(Records from a data collection)

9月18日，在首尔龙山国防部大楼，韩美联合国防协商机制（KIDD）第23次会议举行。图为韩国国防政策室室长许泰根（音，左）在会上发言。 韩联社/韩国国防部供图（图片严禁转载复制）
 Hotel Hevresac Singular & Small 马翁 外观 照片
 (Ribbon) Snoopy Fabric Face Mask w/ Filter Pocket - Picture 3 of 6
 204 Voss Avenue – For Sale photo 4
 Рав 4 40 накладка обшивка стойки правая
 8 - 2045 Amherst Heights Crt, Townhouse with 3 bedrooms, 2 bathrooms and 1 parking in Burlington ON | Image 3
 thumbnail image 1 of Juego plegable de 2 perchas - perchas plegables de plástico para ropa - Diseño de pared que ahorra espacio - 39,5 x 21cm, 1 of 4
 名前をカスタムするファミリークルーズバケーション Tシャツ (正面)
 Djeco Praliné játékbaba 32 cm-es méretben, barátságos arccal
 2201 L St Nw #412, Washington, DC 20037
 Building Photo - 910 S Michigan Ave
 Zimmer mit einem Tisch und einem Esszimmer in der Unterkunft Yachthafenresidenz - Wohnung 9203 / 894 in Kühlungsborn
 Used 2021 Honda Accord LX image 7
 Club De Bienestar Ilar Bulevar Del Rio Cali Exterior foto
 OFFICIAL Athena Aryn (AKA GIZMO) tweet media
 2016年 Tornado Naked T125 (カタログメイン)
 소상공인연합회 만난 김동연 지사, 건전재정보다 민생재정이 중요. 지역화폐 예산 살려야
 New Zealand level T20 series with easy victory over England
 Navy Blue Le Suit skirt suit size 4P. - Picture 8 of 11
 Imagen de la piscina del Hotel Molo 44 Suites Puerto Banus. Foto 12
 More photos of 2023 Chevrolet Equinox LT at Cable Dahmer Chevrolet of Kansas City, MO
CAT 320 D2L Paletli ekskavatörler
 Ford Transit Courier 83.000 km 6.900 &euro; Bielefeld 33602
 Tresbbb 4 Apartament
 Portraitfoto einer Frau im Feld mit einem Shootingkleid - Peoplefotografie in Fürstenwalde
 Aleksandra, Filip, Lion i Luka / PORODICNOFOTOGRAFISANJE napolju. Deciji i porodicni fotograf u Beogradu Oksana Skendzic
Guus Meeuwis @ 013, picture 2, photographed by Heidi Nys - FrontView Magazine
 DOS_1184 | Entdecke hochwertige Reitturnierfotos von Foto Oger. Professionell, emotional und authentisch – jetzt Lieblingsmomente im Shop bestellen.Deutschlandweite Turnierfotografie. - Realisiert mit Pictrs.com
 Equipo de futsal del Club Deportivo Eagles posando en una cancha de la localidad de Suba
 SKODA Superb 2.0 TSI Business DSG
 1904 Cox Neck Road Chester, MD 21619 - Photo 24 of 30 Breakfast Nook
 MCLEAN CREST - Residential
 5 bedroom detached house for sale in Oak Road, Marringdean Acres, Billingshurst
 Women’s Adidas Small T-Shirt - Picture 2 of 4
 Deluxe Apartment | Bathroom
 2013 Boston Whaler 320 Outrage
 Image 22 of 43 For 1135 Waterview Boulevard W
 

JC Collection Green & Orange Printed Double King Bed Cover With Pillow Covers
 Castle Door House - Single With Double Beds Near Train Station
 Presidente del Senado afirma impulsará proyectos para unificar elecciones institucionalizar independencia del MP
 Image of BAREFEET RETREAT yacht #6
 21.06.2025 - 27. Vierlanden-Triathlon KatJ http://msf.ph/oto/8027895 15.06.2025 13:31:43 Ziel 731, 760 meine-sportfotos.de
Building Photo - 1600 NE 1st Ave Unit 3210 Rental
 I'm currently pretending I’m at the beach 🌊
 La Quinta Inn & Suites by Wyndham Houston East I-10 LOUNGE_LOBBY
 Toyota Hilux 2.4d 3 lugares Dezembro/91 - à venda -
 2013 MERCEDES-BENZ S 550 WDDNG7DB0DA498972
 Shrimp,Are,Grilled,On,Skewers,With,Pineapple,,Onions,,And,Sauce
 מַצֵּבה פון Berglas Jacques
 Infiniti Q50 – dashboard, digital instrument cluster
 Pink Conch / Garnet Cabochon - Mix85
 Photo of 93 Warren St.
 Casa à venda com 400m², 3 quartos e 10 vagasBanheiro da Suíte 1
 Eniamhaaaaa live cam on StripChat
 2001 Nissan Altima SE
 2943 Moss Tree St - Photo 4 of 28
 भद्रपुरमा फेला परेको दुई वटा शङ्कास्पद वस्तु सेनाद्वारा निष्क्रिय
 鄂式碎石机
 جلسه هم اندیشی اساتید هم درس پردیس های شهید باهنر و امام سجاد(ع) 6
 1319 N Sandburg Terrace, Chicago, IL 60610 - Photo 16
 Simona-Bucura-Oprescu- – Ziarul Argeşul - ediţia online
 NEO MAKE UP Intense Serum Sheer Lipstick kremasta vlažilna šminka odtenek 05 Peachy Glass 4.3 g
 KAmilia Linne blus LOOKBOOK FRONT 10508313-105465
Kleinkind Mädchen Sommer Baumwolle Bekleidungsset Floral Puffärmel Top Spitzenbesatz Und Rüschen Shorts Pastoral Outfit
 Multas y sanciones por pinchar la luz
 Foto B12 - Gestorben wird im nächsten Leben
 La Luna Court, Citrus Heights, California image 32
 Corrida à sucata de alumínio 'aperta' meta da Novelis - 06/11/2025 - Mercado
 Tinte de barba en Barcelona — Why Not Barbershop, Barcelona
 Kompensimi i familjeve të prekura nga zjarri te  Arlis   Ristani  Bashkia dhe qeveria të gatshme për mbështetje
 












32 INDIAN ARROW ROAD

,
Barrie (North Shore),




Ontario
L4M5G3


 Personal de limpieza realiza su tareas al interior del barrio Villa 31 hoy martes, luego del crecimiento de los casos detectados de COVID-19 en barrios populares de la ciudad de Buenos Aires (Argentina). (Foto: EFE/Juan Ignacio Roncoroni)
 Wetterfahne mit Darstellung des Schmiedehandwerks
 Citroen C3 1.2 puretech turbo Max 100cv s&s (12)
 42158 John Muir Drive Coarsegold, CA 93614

Your instructions: Beginning at the first line of the records, give again each line exactly as written, ending with the line that contains "Club De Bienestar".

Response to the task:
9月18日，在首尔龙山国防部大楼，韩美联合国防协商机制（KIDD）第23次会议举行。图为韩国国防政策室室长许泰根（音，左）在会上发言。 韩联社/韩国国防部供图（图片严禁转载复制）
 Hotel Hevresac Singular & Small 马翁 外观 照片
 (Ribbon) Snoopy Fabric Face Mask w/ Filter Pocket - Picture 3 of 6
 204 Voss Avenue – For Sale photo 4
 Рав 4 40 накладка обшивка стойки правая
 8 - 2045 Amherst Heights Crt, Townhouse with 3 bedrooms, 2 bathrooms and 1 parking in Burlington ON | Image 3
 thumbnail image 1 of Juego plegable de 2 perchas - perchas plegables de plástico para ropa - Diseño de pared que ahorra espacio - 39,5 x 21cm, 1 of 4
 名前をカスタムするファミリークルーズバケーション Tシャツ (正面)
 Djeco Praliné játékbaba 32 cm-es méretben, barátságos arccal
 2201 L St Nw #412, Washington, DC 20037
 Building Photo - 910 S Michigan Ave
 Zimmer mit einem Tisch und einem Esszimmer in der Unterkunft Yachthafenresidenz - Wohnung 9203 / 894 in Kühlungsborn
 Used 2021 Honda Accord LX image 7
 Club De Bienestar Ilar Bulevar Del Rio Cali Exterior foto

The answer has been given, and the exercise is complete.